Another public secondary school has been selected to expand its education to the sixth form level. Education Minister, Ronald Jones, revealed that The St. Michael School had “received the nod” to become the most recent addition to the island’s four sixth form schools.

Speaking last Friday at the St. Michael School’s Annual Speech Day and Prize Giving Ceremony, Mr. Jones said that the Ministry would be addressing the country’s need for more sixth form schools.

“It is no secret that we are woefully short of places for students who want to undertake post-secondary education. Over the last three years, my Ministry has been left with an excess of 250 applicants for sixth form who cannot be placed.

These applicants all meet the minimum matriculation requirements for sixth form and the Barbados Community College, but the fact is we simply do not have the space to accommodate them,” he pointed out.

The Minister stated that the addition of the St. Michael School and the recently announced Christ Church Foundation School as sixth form schools “will add much needed places at this level of the system.”

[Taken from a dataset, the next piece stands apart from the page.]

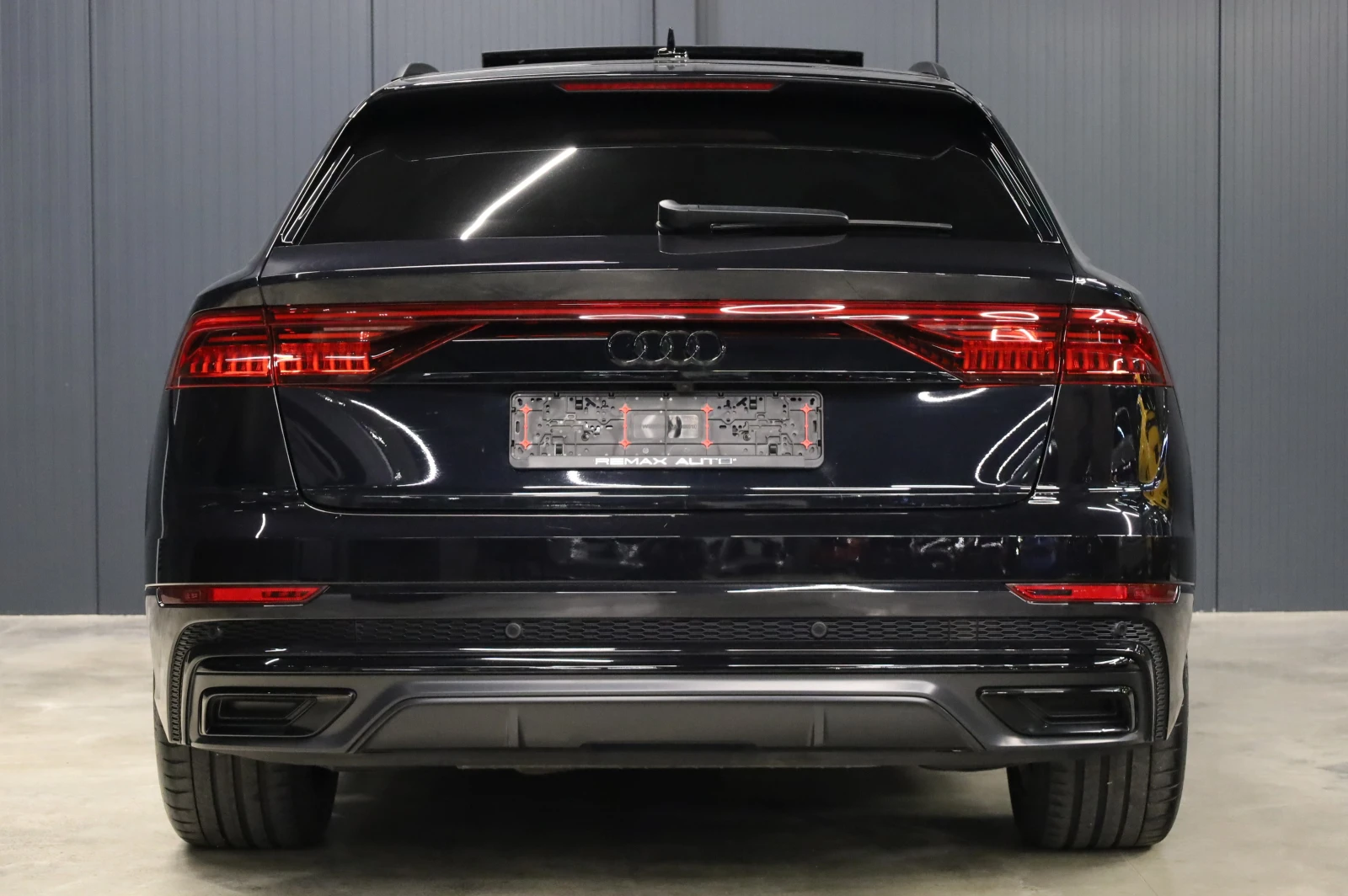 Audi Q8 3XS-LINE* RS* HD MATRIX LIGHTS* PANO* 360* , снимка 9 - Автомобили и джипове - 53054604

He added that government also planned to establish two additional institutions to cater to the need for sixth form education in Barbados. “We further anticipate that in the near future, another sixth form will be established in the north of the island and we are also examining the feasibility of erecting a new school in the south which will offer a sixth form programme as well. These developments will hopefully alleviate the situation which now exists where our students want to continue their education but are unable to do so because of a lack of physical space to accommodate them.”

He, however, sounded a word of caution to secondary school principals, advising them to avoid duplication of subjects offered.  “… We cannot continue, in the current economic conditions, to duplicate spending across the system, especially in cases where it is not cost effective to do so. Each sixth form cannot offer every subject. Nor can sixth forms behave as though they are in competition with each other.

Schools may offer a core of subjects, but there must be a situation where schools are recognised for specific programmes peculiar to them. There must be dialogue to agree on these things and I give you the assurance that my Ministry will lead these discussions with the current sixth form schools and the two prospective schools,” he underscored.